US Capitol Dome (AP)
WASHINGTON (AP) -- That $3 check-off for election financing would disappear from income tax forms under House legislation that abolishes public financing of presidential campaigns.
The Republican-backed bill, which would also dismantle an election oversight agency created after the disputed 2000 presidential vote, is heading for likely passage in the House Thursday. From there, it goes to the Senate, where it's likely to languish -- the chances of the Democratic majority taking it up are small.
Under the bill, sponsored by Rep. Gregg Harper, R-Miss., the Presidential Election Campaign Fund and the Presidential Primary Matching Payment Account, financed by those $3 voluntary check-offs, would be eliminated with all leftover money going to reduce the federal deficit. The funds have a balance of about $200 million.
It would also eliminate the Election Assistance Commission, an agency created as part of a 2002 law to modernize voting. The Obama administration this year sought a budget of $14 million for the commission, which tests and certifies voting machines and manages a national clearinghouse on elections.
The White House, in a statement, said it strongly opposed the bill because it would expand the power of corporations and special interests in elections and "force many candidates into an endless cycle of fundraising at the expense of engagement with voters in the issues."
Republicans argue that it is time to get rid of a public financing system that just about everyone acknowledges is broken.
The post-Watergate program, which officially started in 1976, has been on the decline in recent years because of public disinterest and the massive infusion of private contributions in campaigns. The proportion of taxpayers donating $3, up from $1 in 1993, has dropped from 20 percent in 1988 to 7.4 percent in 2008, the last presidential election year.
Barack Obama became the first presidential candidate to decline public financing, which restricts raising private money. Obama was able to raise nearly $750 million, multiple times what he would have received from federal assistance. Because of that, the Federal Election Commission says public funding dropped from nearly $240 million in 2000 to $139 million in 2008. This year, no candidate has asked for primary matching funds.
The Obama administration has argued that the system should be fixed rather than dismantled, but Democratic-led efforts to strengthen public financing have made little headway. One proposal, by Reps. David Price, D-N.C., and Chris Van Hollen, D-Md., would raise the taxpayer check-off to $10, eliminate the general election spending limit on participating candidates and provide matching funds for donations of $200 or less.
Groups seeking to improve the election system, including Common Cause, Democracy 21, Public Citizen and the League of Women Voters, urged the defeat of the Harper legislation, saying public financing has become even more important after the 2010 Citizens United Supreme Court decision that eased restrictions on corporate spending in political campaigns.

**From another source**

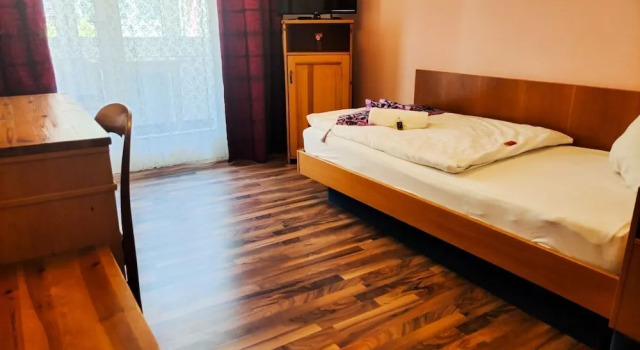 Номер Standard City Hotel Pforzheim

"The presidential public financing system should be repaired, not repealed. The Election Administration Commission should be strengthened, not terminated," the groups wrote to lawmakers.

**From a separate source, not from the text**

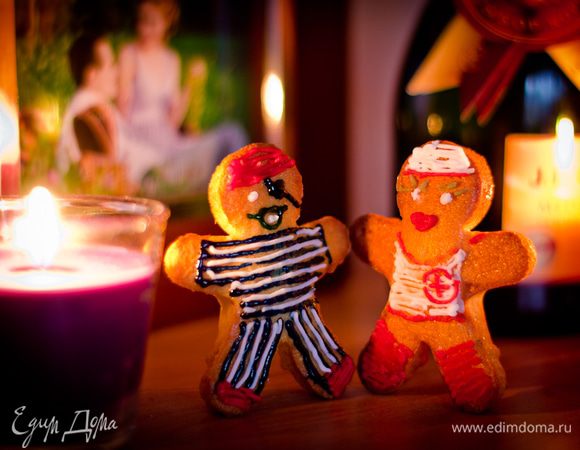 К примеру, таких...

Harper argues that the commission has outlived its usefulness, having completed its primary mission of overseeing the distribution of some $3 billion to states to update voting equipment and voter registration systems. He says the commission spends more than half its budget on administrative costs, and its remaining duties can be shifted to the FEC.
The election commission says it continues to test and certify voting equipment, reducing duplication and saving local election officials time and money. It also provides training and data to election officials.
The legislation would also end federal assistance for the two parties' presidential conventions. The FEC says both parties have already received initial payments of almost $18 million from the Treasury for planning and conducting their 2012 nominating conventions.
The House last January passed a bill that would have eliminated public financing for presidential elections, but it died in the Senate. The House in June took up a Harper bill aimed specifically at getting rid of the EAC, but it fell short of getting the two-thirds majority under a special procedure.